Si le numérique est un outil indispensable dans le secondaire pour l’administratif ce n’est pas, comme le ministère veut le faire croire, LA solution à tous les problèmes de l’Education Nationale. Le ministère a profité de la crise pour mettre au centre de l’enseignement le numérique, vantant ses mérites, alors qu’il n’a fait qu’accentuer les inégalités de notre système scolaire. Pour maintenir le lien avec les élèves et les familles des outils numériques ont été mis en place et les enseignant·es ont subi de fortes pressions du ministre, de chef·fes d’établissement ou de référent·es numériques pour qu’iels utilisent ses outils, parfois sans respecter le RGPD, mettant ainsi à mal leur liberté pédagogique. Cet enseignement à distance, même avec des personnel·les volontaristes, est de moindre qualité, il fatigue et démotive les élèves, nuit à la construction du savoir qui est bousculé dès lors que l’interaction enseignant·es/élève n’existe plus, que la relation entre théorie et pratique est rompue, qu’on renvoie toujours plus le savoir à un apprentissage autonome à la maison.
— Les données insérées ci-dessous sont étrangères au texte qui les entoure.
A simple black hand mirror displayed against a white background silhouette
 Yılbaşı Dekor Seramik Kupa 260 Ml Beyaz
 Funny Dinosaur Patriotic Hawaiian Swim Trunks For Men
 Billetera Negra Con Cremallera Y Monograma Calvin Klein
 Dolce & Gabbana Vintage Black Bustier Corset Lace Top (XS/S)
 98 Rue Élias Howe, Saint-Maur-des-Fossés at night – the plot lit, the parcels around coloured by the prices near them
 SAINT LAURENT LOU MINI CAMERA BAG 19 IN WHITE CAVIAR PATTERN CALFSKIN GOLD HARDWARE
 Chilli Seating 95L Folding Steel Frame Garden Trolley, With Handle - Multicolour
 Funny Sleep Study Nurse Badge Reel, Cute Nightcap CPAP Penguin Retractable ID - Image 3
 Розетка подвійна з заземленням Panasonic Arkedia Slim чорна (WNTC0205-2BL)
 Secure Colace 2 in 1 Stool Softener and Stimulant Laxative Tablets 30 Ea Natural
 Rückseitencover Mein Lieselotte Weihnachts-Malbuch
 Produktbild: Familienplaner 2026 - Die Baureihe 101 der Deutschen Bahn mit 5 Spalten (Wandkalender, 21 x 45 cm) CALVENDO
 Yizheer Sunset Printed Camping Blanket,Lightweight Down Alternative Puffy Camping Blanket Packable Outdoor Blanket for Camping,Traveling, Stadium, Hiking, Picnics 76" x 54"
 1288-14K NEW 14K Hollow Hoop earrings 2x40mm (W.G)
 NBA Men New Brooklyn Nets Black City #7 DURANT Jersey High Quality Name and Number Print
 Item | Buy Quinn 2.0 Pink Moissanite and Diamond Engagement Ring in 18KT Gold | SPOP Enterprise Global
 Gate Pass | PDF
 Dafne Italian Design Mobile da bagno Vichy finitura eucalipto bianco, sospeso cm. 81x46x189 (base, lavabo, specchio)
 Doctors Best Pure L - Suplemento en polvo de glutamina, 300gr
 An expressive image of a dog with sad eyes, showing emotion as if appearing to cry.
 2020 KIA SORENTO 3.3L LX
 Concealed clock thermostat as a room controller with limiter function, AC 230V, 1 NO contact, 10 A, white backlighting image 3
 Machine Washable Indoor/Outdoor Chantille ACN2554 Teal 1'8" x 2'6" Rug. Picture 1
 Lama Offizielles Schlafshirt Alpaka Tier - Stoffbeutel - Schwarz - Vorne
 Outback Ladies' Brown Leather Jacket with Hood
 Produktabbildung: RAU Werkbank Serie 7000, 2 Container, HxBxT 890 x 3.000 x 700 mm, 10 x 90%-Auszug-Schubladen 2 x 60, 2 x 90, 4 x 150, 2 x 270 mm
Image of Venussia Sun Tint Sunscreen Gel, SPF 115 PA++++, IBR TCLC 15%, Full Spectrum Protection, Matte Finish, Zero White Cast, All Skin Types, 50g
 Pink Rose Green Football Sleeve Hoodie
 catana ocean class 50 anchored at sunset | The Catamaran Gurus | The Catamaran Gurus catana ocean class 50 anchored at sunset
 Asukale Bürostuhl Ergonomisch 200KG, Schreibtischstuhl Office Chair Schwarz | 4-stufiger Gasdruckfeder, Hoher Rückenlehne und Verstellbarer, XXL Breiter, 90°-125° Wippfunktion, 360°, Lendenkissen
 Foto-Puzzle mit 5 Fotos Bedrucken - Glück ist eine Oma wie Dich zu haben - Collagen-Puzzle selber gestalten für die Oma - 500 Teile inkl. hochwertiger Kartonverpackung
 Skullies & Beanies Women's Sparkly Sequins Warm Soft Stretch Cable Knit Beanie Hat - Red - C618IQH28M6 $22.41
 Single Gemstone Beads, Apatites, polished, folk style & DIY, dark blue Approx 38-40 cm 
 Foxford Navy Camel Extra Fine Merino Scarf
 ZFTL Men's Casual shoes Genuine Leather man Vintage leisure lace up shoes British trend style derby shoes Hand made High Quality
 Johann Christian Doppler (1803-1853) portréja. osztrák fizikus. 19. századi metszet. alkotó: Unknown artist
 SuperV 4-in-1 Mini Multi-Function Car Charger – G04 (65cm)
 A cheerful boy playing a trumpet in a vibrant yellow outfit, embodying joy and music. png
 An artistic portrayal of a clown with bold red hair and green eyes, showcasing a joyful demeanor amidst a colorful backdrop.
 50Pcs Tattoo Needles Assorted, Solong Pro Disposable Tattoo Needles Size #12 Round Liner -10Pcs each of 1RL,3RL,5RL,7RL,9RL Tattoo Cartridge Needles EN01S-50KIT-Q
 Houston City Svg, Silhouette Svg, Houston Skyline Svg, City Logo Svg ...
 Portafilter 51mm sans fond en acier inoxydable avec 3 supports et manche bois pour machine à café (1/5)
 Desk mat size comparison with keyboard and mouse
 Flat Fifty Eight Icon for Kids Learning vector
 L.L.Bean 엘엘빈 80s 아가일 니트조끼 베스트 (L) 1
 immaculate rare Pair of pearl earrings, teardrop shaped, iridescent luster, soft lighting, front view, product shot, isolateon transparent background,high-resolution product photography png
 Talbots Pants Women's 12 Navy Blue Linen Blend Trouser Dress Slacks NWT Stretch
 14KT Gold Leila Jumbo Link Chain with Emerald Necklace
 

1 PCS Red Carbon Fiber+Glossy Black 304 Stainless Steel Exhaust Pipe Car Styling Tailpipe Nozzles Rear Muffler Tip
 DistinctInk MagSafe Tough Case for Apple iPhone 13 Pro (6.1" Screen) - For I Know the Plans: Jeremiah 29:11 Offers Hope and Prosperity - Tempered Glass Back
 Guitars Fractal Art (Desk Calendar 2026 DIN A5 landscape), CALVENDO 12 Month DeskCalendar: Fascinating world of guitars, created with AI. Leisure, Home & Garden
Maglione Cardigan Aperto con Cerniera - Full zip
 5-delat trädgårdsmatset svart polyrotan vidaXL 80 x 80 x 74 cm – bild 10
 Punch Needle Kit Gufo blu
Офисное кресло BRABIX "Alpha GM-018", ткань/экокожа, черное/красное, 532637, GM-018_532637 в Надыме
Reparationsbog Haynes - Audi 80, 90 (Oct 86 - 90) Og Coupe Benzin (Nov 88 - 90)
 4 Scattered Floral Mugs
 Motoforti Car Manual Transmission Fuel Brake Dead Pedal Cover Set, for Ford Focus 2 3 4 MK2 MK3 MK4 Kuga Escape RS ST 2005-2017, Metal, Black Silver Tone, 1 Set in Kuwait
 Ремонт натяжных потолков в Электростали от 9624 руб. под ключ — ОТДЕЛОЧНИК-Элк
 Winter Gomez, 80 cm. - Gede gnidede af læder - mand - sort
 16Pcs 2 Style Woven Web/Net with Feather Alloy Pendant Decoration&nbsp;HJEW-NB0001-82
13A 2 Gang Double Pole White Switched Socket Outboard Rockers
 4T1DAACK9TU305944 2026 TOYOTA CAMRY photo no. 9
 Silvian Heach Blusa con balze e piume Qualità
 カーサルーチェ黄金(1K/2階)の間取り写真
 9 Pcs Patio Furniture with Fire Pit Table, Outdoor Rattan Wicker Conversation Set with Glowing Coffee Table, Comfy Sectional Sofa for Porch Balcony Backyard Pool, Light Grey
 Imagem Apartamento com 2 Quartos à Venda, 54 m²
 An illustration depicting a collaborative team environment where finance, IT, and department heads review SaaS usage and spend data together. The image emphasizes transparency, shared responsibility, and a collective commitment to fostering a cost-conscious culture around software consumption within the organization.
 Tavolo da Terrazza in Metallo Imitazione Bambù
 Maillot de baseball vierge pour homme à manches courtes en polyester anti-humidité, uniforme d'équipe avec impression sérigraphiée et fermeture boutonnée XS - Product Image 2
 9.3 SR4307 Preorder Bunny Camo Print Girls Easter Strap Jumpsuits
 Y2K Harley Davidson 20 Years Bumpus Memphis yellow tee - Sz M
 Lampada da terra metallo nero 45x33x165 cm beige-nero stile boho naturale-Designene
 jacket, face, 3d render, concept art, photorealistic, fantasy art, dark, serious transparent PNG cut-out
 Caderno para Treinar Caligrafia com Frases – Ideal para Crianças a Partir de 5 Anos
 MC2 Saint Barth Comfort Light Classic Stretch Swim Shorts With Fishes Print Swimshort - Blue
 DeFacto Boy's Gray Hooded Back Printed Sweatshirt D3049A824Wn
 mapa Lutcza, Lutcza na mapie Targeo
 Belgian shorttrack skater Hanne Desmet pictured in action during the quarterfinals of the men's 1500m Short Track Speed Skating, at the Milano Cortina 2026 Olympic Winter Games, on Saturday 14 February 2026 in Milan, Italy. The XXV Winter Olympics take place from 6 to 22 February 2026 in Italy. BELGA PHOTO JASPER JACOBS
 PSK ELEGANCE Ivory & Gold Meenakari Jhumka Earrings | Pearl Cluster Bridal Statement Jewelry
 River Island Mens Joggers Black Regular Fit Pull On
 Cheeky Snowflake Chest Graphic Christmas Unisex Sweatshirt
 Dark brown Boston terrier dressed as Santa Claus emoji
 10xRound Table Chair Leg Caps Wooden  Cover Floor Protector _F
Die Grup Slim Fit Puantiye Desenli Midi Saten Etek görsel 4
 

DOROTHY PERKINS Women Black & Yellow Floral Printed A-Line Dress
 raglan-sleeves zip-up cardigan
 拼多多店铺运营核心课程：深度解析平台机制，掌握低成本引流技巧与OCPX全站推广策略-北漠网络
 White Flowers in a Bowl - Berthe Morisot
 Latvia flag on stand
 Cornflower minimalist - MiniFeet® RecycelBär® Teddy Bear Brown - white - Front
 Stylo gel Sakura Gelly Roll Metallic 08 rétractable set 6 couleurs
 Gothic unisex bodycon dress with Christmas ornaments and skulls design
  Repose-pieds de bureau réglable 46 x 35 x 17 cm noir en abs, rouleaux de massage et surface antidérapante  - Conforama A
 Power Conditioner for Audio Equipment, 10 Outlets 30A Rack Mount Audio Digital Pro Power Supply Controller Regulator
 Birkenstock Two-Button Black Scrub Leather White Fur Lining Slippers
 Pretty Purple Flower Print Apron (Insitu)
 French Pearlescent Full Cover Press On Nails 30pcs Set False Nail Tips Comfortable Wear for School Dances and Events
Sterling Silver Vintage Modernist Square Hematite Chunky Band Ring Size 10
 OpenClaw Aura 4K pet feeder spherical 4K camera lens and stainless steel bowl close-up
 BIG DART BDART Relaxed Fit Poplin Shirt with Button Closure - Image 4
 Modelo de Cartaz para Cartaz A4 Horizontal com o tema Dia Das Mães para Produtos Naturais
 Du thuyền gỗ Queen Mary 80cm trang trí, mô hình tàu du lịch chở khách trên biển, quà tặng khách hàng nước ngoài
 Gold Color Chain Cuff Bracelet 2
De plus, l’enseignement numérique risque de servir d’accélérateur pour imposer l’évolution vers une école où les élèves apprennent devant leur écran grâce à des logiciels éducatifs (un gigantesque marché !) et où les enseignant·es sont réduits à un simple rôle d’exécutant·es et de pourvoyeurs·euses de pédagogies standardisées. La fracture numérique a été révélée : manque d’équipement informatique dans les familles, non maitrise de l’outil numérique, des différents logiciels, plateformes, l’inégalité de la qualité d’accès à internet.
Dans certaines académies, du matériel informatique a été distribué à tout·es les élèves, mettant ainsi fin aux manuels papiers sans plus-value. D’autre part cette mutation participe à l’intensification du temps d’écran ce qui est sanitairement préoccupant. Et là où du matériel a été distribué à tout·es les élèves, la question de la maintenance et l’entretien du matériel amplifie les inégalités sociales préexistantes.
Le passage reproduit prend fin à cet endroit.